INPUT MATERIAL:

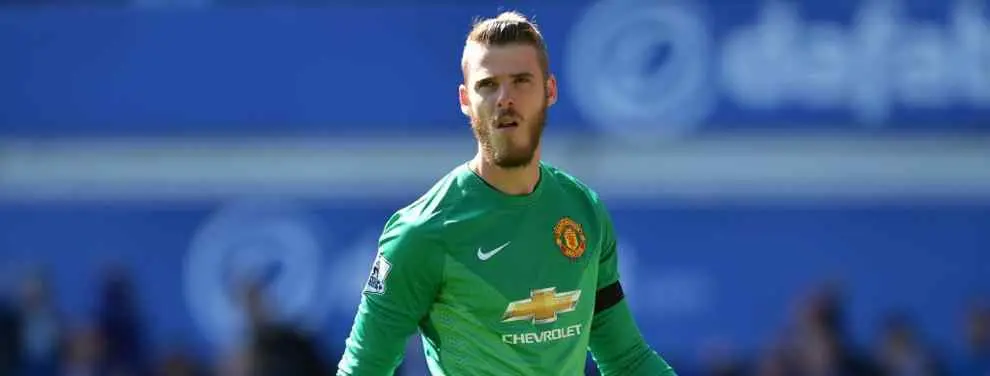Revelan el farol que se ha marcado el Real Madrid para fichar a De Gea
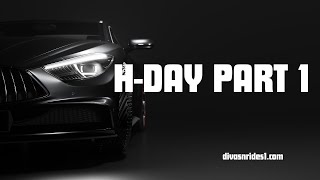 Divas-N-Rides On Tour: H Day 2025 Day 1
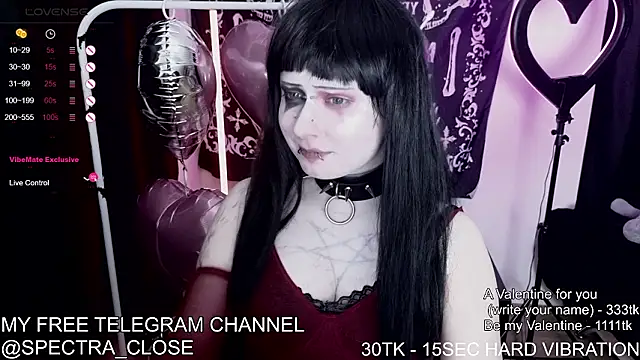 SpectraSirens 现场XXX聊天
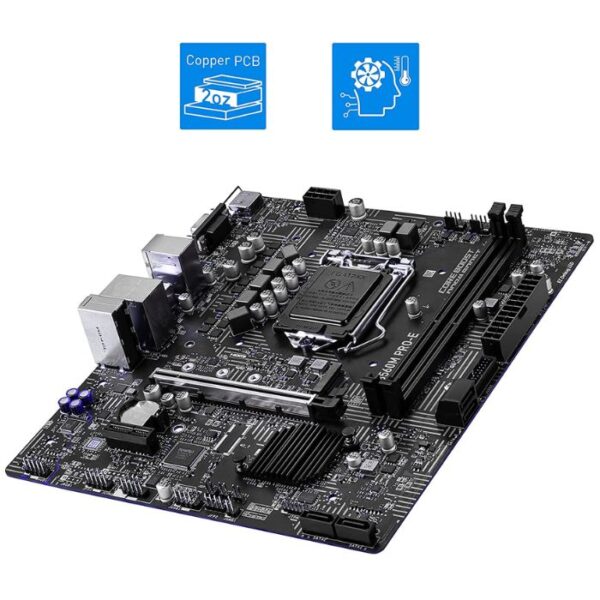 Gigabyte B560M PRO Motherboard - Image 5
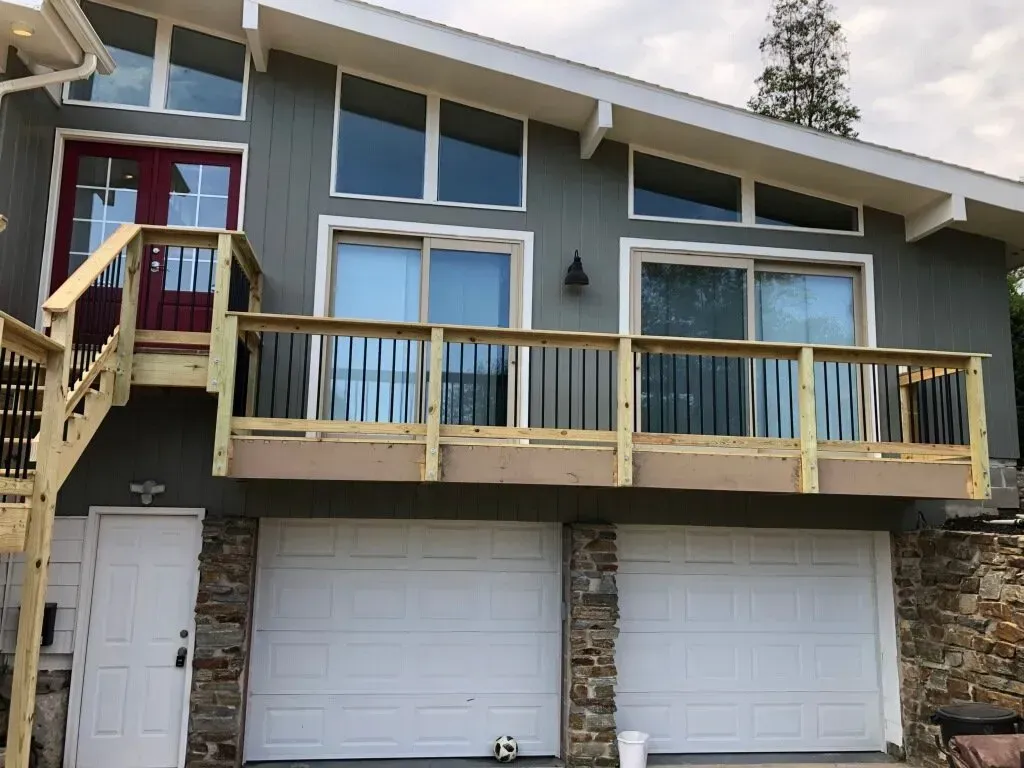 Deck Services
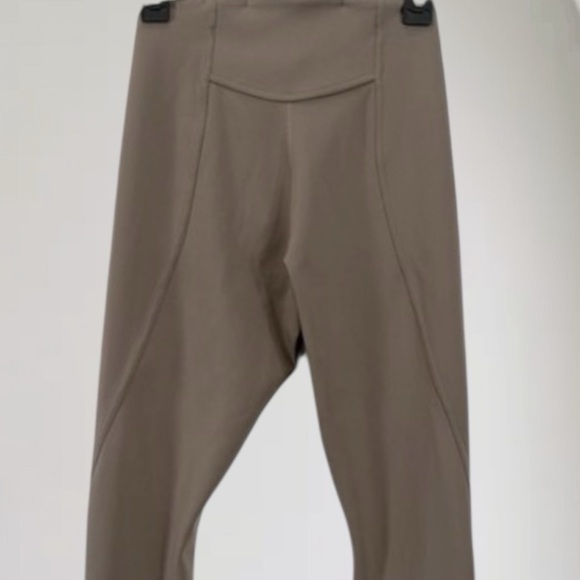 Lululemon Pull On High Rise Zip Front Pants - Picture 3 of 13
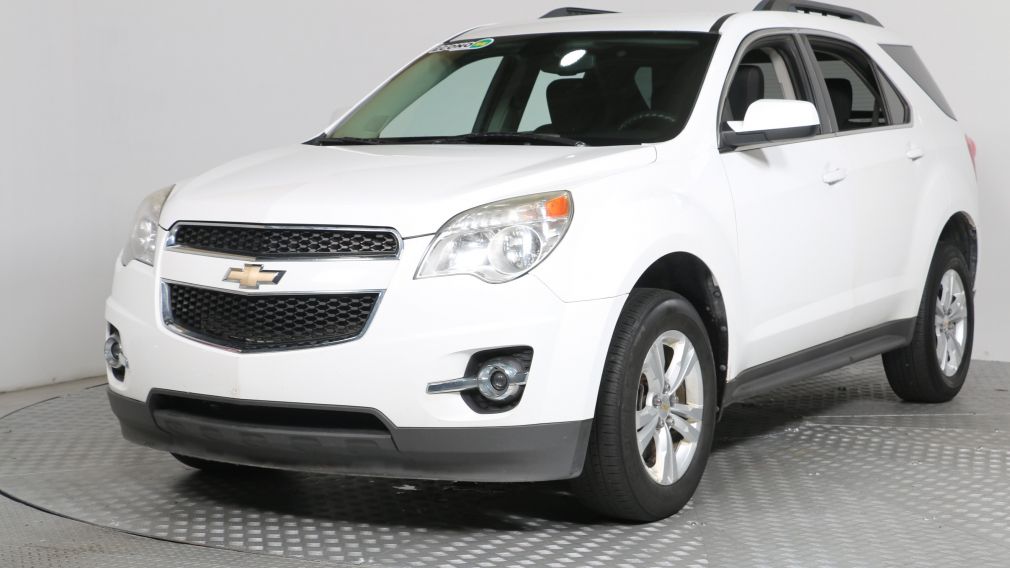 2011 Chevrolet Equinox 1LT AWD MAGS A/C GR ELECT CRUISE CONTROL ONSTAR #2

WHAT TO PRODUCE: Quote, word for word and nothing more, every line from the line with "SpectraSirens 现场XXX聊天" to the end of the entries, including both ends; skip any pictures.

RESULT BELOW:
 SpectraSirens 现场XXX聊天
 Gigabyte B560M PRO Motherboard - Image 5
 Deck Services
 Lululemon Pull On High Rise Zip Front Pants - Picture 3 of 13
 2011 Chevrolet Equinox 1LT AWD MAGS A/C GR ELECT CRUISE CONTROL ONSTAR #2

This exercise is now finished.